• **Task to complete**
Retype every line of the data below, starting with the first and ending with the line that contains "Those classes are", but leave out the pictures.

• **Data listing**
● ● ● ● ● ● ●
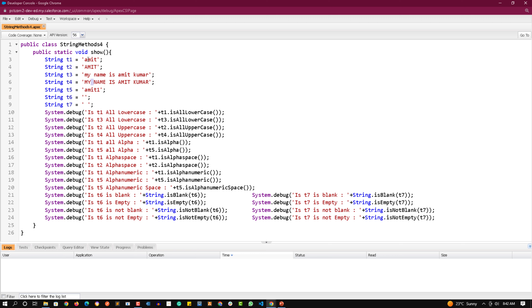isAlpha on t1 returns true because all characters are alphabets, but t5.isAlpha returns false because it has a number. isAlphaSpace on t1 returns true — it checks for alphabets or spaces. isAlphanumeric on t1 returns true because it has alphabets, and t5 also returns true because it contains both alphabets and numbers. isAlphanumericSpace on t5 returns true as well — it checks for alphabets, numbers, or spaces.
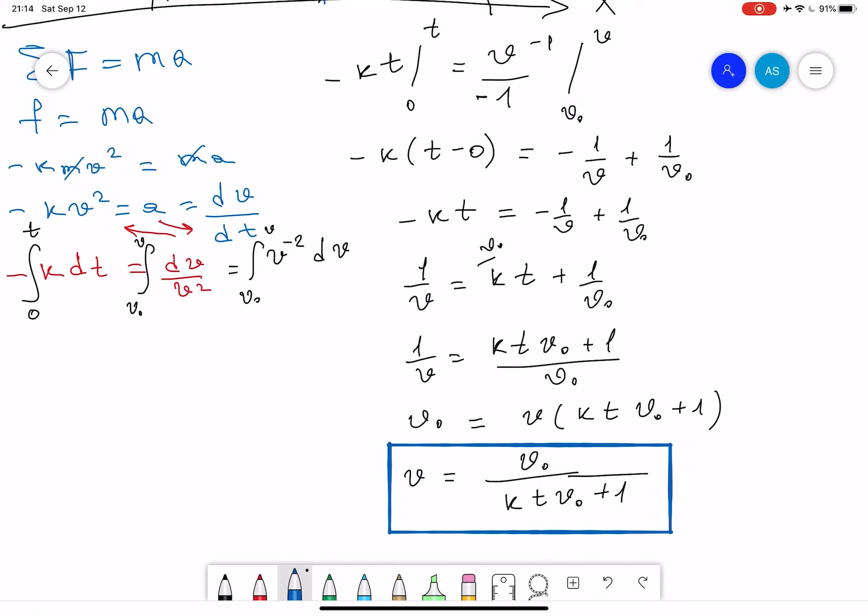We have proven that our final velocity changes over time as v equals v-initial divided by k t v-initial plus one. As you can see, t is in the denominator, so as time goes on, v-final gets less and less.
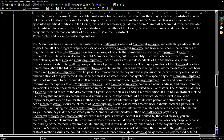Those classes are descendants of the Member class, so the declarations are valid. The staff list array contains polymorphic references. The payday method of the StaffWorker class iterates through the list of company employees, displaying their data and referencing their pay methods to calculate how much each company employee must be paid. The invocation of the pay method is polymorphic because every class has its own version of the pay method.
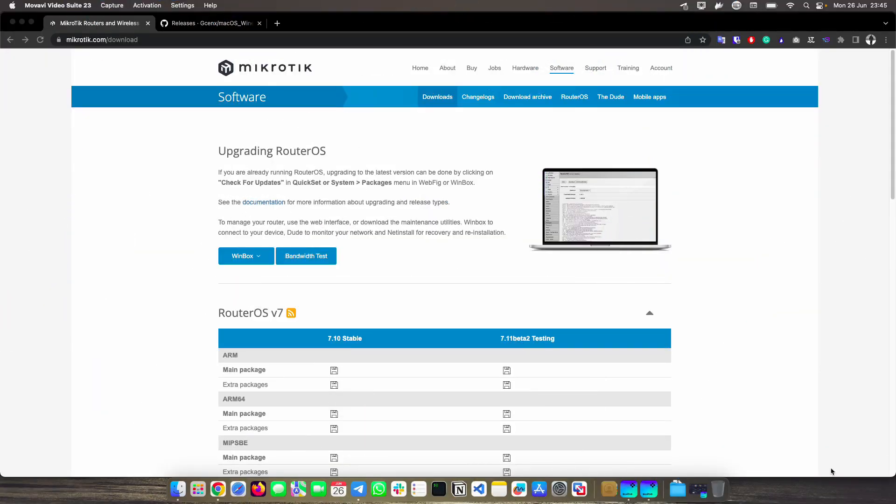Hello and welcome to this new video in which we are going to be seeing how to run WinBox on a Mac with M1 processor. As most of you must know by now, WinBox is only natively supported on Windows operating system.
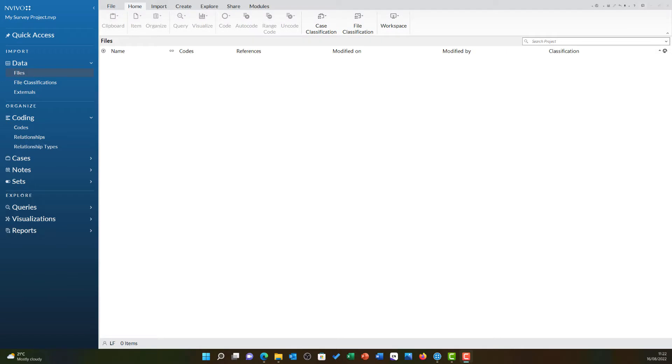This video will show you how to prepare your survey data for import into NVivo. I have done my survey in JISC Online Surveys, so I am able to retrieve it from there.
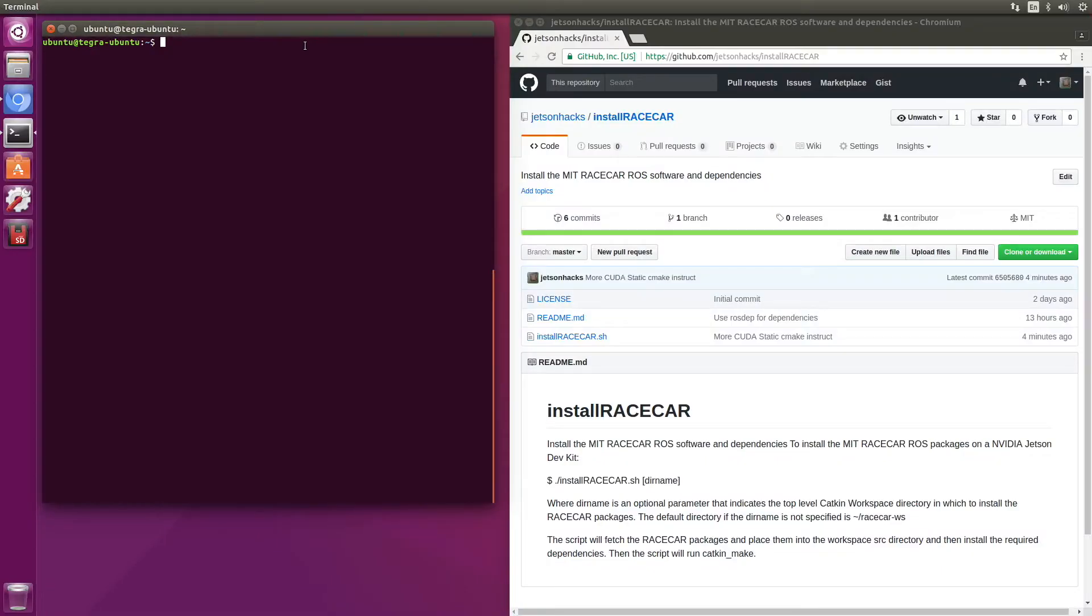Hello, it's Jim from JetsonHacks.com. Today's screencast is part two of the Jetson Car software install. Let's go!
● ● ● ● ● ● ●
• **Exercise result**
isAlpha on t1 returns true because all characters are alphabets, but t5.isAlpha returns false because it has a number. isAlphaSpace on t1 returns true — it checks for alphabets or spaces. isAlphanumeric on t1 returns true because it has alphabets, and t5 also returns true because it contains both alphabets and numbers. isAlphanumericSpace on t5 returns true as well — it checks for alphabets, numbers, or spaces.
We have proven that our final velocity changes over time as v equals v-initial divided by k t v-initial plus one. As you can see, t is in the denominator, so as time goes on, v-final gets less and less.
Those classes are descendants of the Member class, so the declarations are valid. The staff list array contains polymorphic references. The payday method of the StaffWorker class iterates through the list of company employees, displaying their data and referencing their pay methods to calculate how much each company employee must be paid. The invocation of the pay method is polymorphic because every class has its own version of the pay method.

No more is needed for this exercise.